Si vous m'aviez posé la question avant-hier, je vous aurais dit que je ne suis pas très concert.
La musique est trop forte. Il y a trop d'agitation. C'est trop long.
Mais ça, c'était avant que mon pote Jackie Berroyer (qui, ne l'oublions pas, était chroniqueur musical pour Hara-Kiri et dont je reparlerai bientôt ici) m'invite voir Fat White Family hier soir à la Cigale. Jamais entendu parler. Je ne m'attendais à rien. "Tu vas voir, ils sont pas mal, ça pourrait te plaire".
OK, maintenant je comprends pourquoi les gens aiment les concerts.

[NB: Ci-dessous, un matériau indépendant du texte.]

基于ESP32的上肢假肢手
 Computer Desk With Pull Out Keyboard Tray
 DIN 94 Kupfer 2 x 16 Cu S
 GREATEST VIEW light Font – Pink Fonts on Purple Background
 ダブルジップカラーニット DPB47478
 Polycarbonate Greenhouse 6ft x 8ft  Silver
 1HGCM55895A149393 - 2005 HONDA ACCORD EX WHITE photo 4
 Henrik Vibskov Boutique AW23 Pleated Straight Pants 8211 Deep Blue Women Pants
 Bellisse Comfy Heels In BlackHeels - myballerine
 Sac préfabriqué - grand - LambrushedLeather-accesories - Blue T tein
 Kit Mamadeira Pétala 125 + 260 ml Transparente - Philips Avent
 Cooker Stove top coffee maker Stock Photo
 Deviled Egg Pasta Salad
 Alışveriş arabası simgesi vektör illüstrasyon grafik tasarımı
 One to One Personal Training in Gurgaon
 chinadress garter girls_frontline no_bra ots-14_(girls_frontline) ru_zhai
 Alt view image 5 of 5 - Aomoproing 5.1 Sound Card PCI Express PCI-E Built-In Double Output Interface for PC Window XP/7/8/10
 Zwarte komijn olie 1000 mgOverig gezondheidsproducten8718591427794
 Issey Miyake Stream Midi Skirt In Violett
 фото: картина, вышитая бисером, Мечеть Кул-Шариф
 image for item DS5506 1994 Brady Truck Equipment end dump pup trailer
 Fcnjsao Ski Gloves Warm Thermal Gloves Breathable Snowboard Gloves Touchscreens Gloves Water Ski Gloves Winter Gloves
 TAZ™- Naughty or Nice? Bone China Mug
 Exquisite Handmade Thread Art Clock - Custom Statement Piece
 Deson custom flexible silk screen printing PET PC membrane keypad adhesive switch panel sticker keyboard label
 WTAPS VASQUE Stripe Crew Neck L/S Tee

Expérience incroyable. Oui, la musique était ouf, du rock qui envoie du lourd mais avec une recherche, une progression et quelques instruments qu'on n'attend pas (flûte traversière, sax baryton). Puis il y a le chanteur, Lias Saoudi. Il est en short. Dès la deuxième chanson, il descend dans la fosse et chante au milieu de la foule – ça donne le ton. Pendant le reste du concert, il chante (parfois hurle, mais sans jamais sortir de la musicalité) en équilibre sur les amplis, en position foetale au bord de scène ou porté par la foule.
Vu d'en haut, la fosse pulse. C'est une expérience collective. Mais on sent que tout ça est mené de main de maître par un groupe qui a l'habitude : on capte ici et là les petits gestes extrêmement précis qu'adresse le groupe aux techniciens ; derrière les personnages déjantés, il y a des professionnels qui ont pensé un spectacle construit et généreux. Et l'espace de la Cigale, où l'on circule librement, offre à la fois liberté et intimité pour profiter de l'expérience.
Je vois bien comment les gens qui ont vécu ça une fois dans leur vie peuvent enchaîner les concerts pour retrouver ce "high" initial. Et pourquoi certains anciens tournent en boucle sur une prestation vue dans leur jeunesse : "Ah tu sais, quand j'ai vu tel groupe en 76...".
"Un concert comme ça, tu t'en souviens toute ta vie" m'a dit Jackie en sortant. C'est bien parti pour.